In article <4983@omepd.UUCP> larry@omews10.intel.com (Larry Smith) writes:
 >This is absurd. Just like the Ford Model-T enabled people for the
 >first time to AFFORDABLY travel hundreds of miles from their homes,
 >and the DC-3 to AFFORDABLY travel thousands of miles, the national 
 >aerospace plane derived vehicle (NASPDV) holds the promise of AFFORDABLE
 >transportation to low earth orbit. If you really want the federal and
 >commercial space development business to bloom, provide an AFFORDABLE 
 >way to get people and light cargoes to LEO (NASPDV), and reduce by 10X
 >the cost of heavy payloads (ALS or Jarvis).  Don't provide a great facility
 >(space station) with a very expensive, and therefore ultimately unaffordable,
 >way to get there (Shuttle). Put another way, if you had to travel from LA
 >to NY to help a client with a technical problem, or to investigate new
 >techniques/markets, would you want to go through the overhead and delay
 >of getting yourself on a system like the space shuttle, or would you like
 >to buy a ticket with a credit card, and go to your local large airport and 
 >catch a ride ?

What are we talking about here, a Chevy for getting to space or a whizzier
Concorde for trans-oceanic flights?  My understanding is that the Concorde
is middling profitable on its small number of routes.  Why do you expect
a "space-plane", used in the same manner as the Concorde, to be a better
/ more_lucrative venture?  If there isn't a Concorde route to  today, why not?  Wouldn't the answers apply to the same
questions asked re: the NASP?

 >True, NASP/X-30 has technical hurdles, but these hurdles are not impossible
 >ones. The past several years of technology development have proven that.
 >Also, for the people on the net that say that U.S. aerospace companies
 >never contribute their own funds to development any more, the NASP/X-30 
 >technology development effort to date, has been funded at the 50% level
 >by the 5  U.S. aerospace firms that are taking part, and a vehicle is not
 >even being built! .

Research is great; spend the money to solve these hurdles.  Who knows what
spin-offs we'll reap.  Perhaps 5-10 years downwind the research will make
NASP a snap.  But (IMHO) we'll wind up with another shuttle-like, delicate,
flakey beast if the goal is to push this "leading edge" technology into a
commercial endeavor by the next decade, and that's asking for trouble.

 > Surely, they wouldn't do this if they didn't see the
 >potential, as mentioned above. Quoting them, in 1 year they will be at the
 >point where they will be ready to develop hardware! They have said that any
 >further delay is excessive! X-30 is NOT a 21st century concept. It IS a mid
 >1990's concept !! Look at it yet another way ... X-30 would cost the same
 >as about 4 B-2s. Which gives a better return ?

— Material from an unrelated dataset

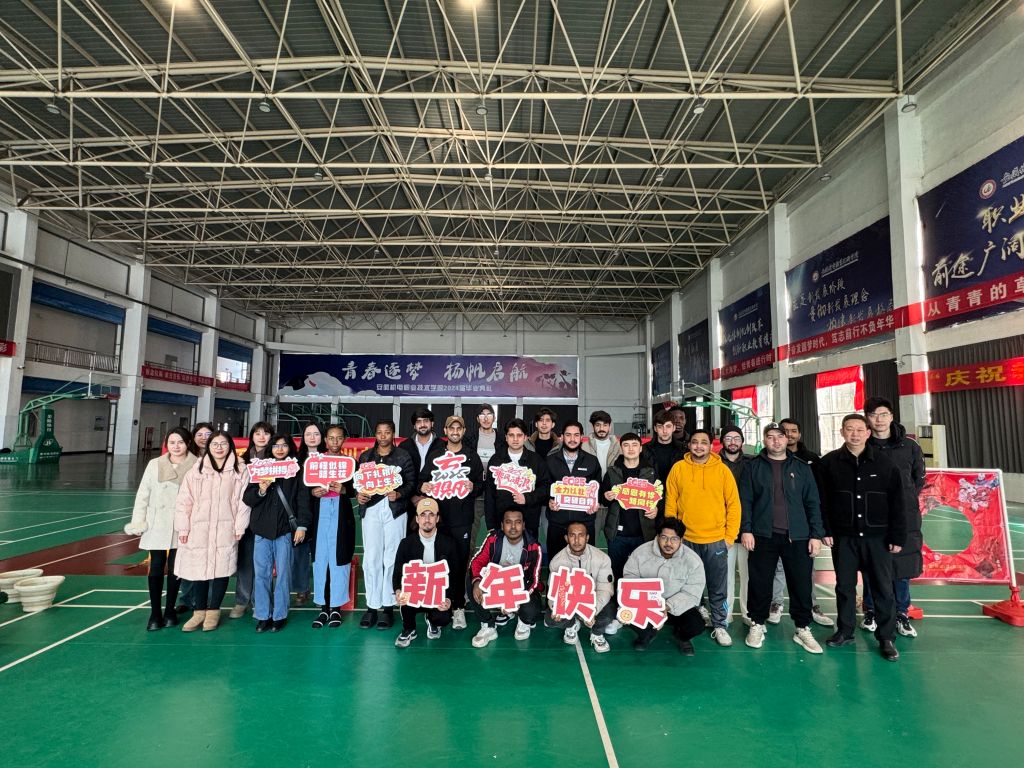 图片1.JPG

If they "see the potential" and it's so sure-fire golden, why then they'll
either a) build it, or b) keep their near-sighted eyes on next month's
bottom line and let the [ Japanese | French | Russians | other ambitious
nation ] build it.  I'm not convinced the role of Washington should be to
chivvy said aerospace companies into taking a long-term view by lavishing
taxpayer money on them.  At least, not for this program.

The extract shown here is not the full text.